Question

Hey guys I am trying to learn how to create a P2P application in Windows Communication foundation and I have a simple test client created so far that can communicate on the Intranet just fine. That is... I can run the application multiple times on my own machine and they can all communicate to each other, and I can also put it on another machine on my home network and they can all communicate with each other.

The problem lies in when I send the application to a friend for testing. Everything works fine, it's just that the messages aren't received. It's as if nobody is there.

I've done all sorts of research on NAT edge traversal and I'm overwhelmed by the information and everywhere I look people don't seem to have solved the problem.

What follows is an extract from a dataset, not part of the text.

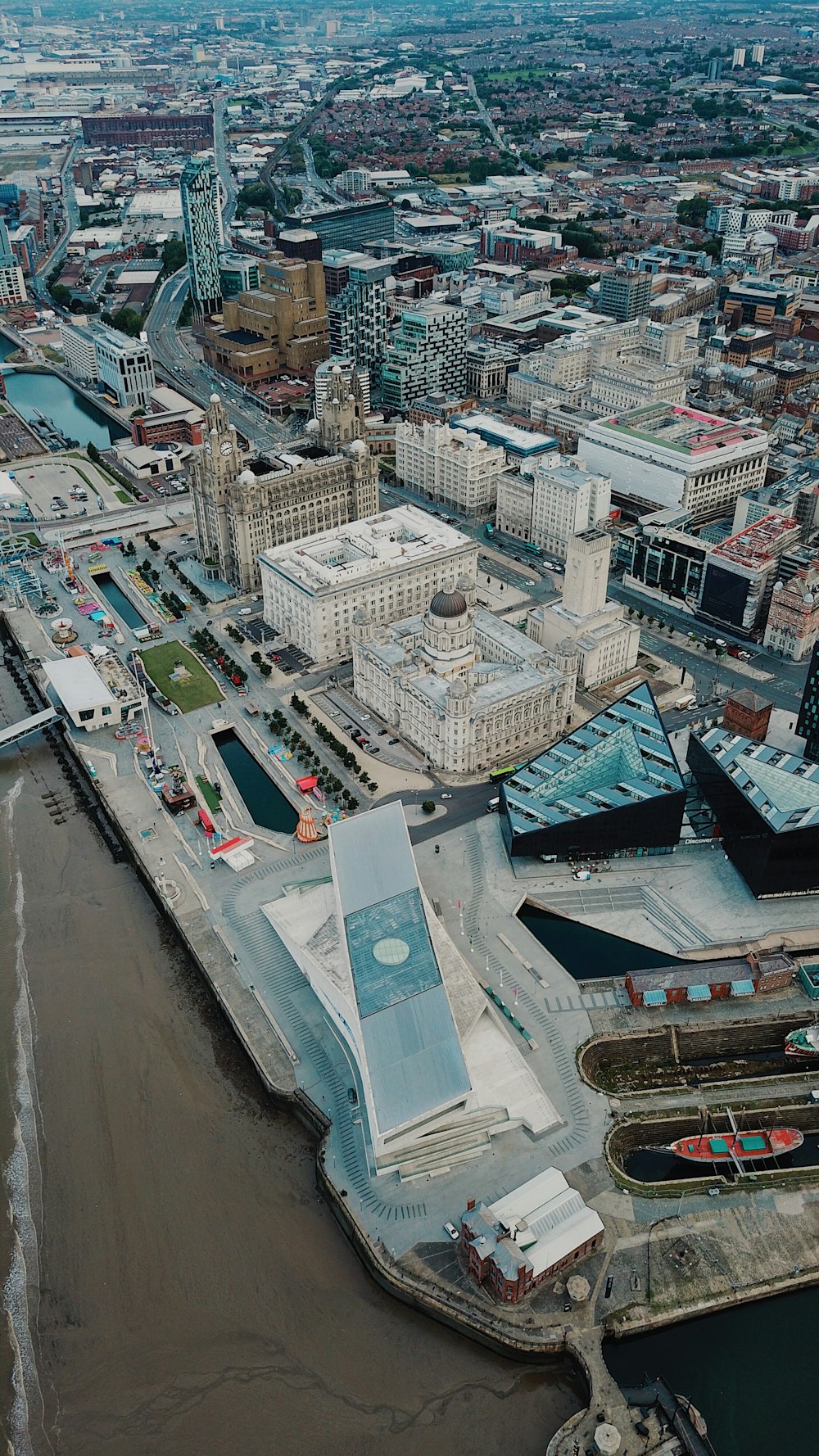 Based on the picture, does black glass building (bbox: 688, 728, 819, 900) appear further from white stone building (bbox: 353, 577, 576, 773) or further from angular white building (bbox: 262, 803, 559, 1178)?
angular white building (bbox: 262, 803, 559, 1178)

I hear all sorts of things about firewalls being the issue with edge traversal needing to be enabled, but I've tried all the suggestions and it still doesn't work. I've even disabled the firewalls on both machines local and remote and nothing happens still.

Could anybody provide any insight on how to effectively punch through and have these apps be able to communicate without having to do all sorts of setup procedures and manual firewall configuration(which still seem to not work)?

Was it helpful?

Solution

In general, there is no way to connect to a computer behind NAT without some configuration on the router that does the NATing.

What most P2P networks do in those situations is to use supernodes – computers that are not behind NAT (or that have properly configured port forwarding) that are used to help connect other computers (that are behind NAT).